Good morning guys.
I am trying to run a bunch of (complicated) code but I keep getting the following weird error:
INFO:root:Random state initialized with seed 28794055
INFO:root:Ani1 will be loaded...
INFO:root:cached statistics was loaded...
Traceback (most recent call last):
File "schnetpack_ani1.py", line 296, in <module>
train(args, model, train_loader, val_loader, device)
File "schnetpack_ani1.py", line 156, in train
File "/home/kim.a.nicoli/Projects/Schnetpack_release/src/schnetpack/train.py", line 175, in train
File "/home/kim.a.nicoli/Projects/Schnetpack_release/src/schnetpack/train.py", line 118, in train
loss = self.loss_fn(train_batch, result)
File "schnetpack_ani1.py", line 149, in loss
diff = batch[args.property] - result
==TypeError: sub() received an invalid combination of arguments - got (map), but expected one of:
* (Tensor other, float alpha)
* (float other, float alpha)==
What I don’t get is that if I insert some print statement at the level where it crashes I get that the types of the objects are e.g. Tensors, and not map.
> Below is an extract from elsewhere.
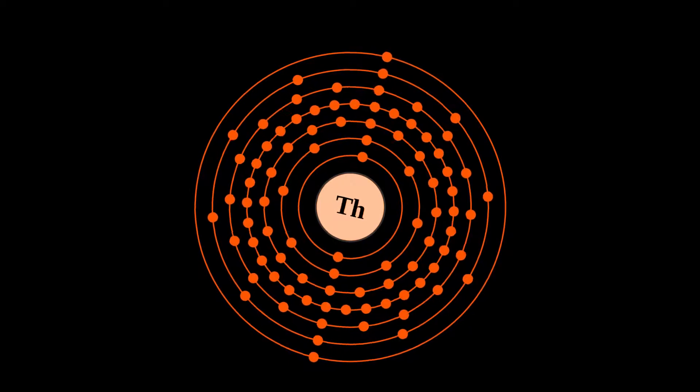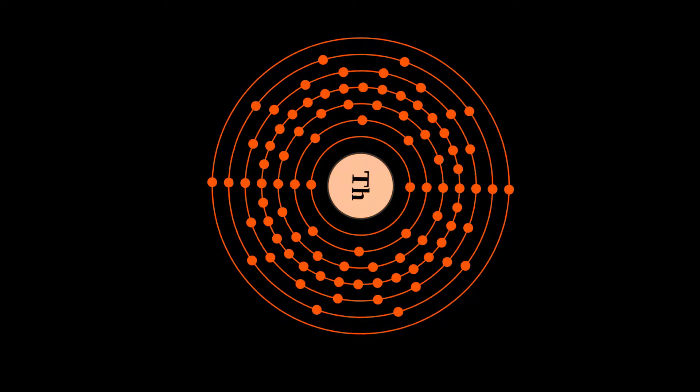Thorium is a weakly radioactive metallic chemical element with symbol Th and atomic number 90.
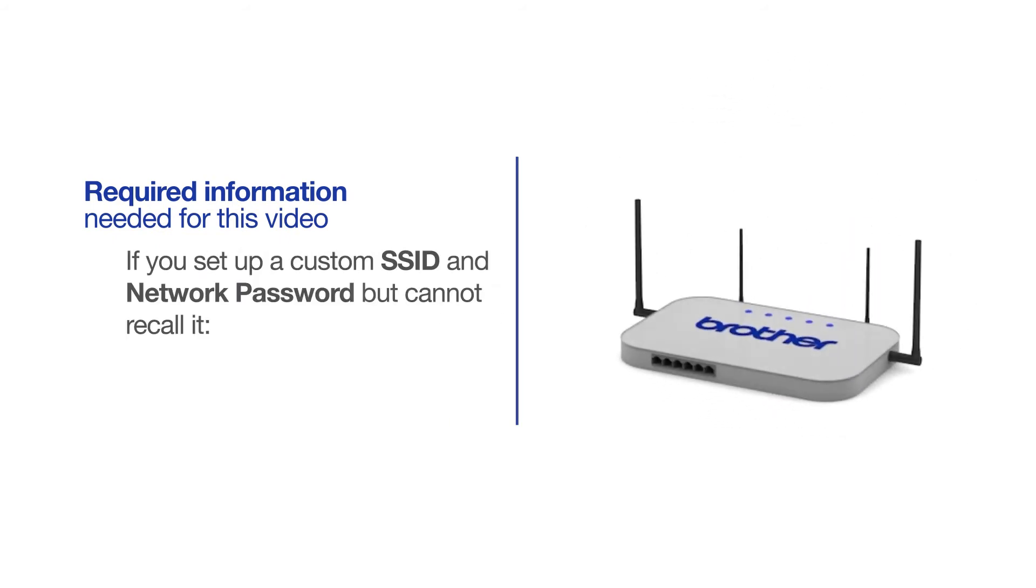If you've set up a custom SSID and network password and cannot recall this information, please contact your router manufacturer. Setup cannot be accomplished without this information.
Does any of you have any suggestion on what to look for or what might be the problem? I didn’t find too much about issues with
Thanks in advance for the help
Could you post some more code where you created
result comes from here
y = self.atom_pool(yi, atom_mask)
result = [y]
props = ['y']
at_func = namedtuple('atomwise', props)
as for the batch is just a tensor of a given batch_size created from the Dataloader.
I feel, anyway, that the error might be related to how
result is created.
Thanks for the update. Could you print out the type of
result0] just before the error is thrown?
I did it already.
That’s actually why I was confused. This is the output, although it doesn’t make sense to me that it raises the error since result seems to be of type tensor!
I assume you’ve already checked the type of
Could you create a small executable code snippet so that I could run it on my machine?
It seems that there are conflict with the
If I run the code on a CPU on a single GPU it works.
When I try to go parallel on multiple GPUs it raises the error I reported previously.
I doubled checked and my guess was right. It seems the issue is related to the type returned in the code I showed you.
This means that if I simply return
result as a list it works (with DataParallel on multiple GPUs) whereas when I return a tuple through the named tuple method it breaks.
Nonetheless to return a list it not that nice, I would like to keep returning the namedtuple object. Any clue on how I could overcome the issue?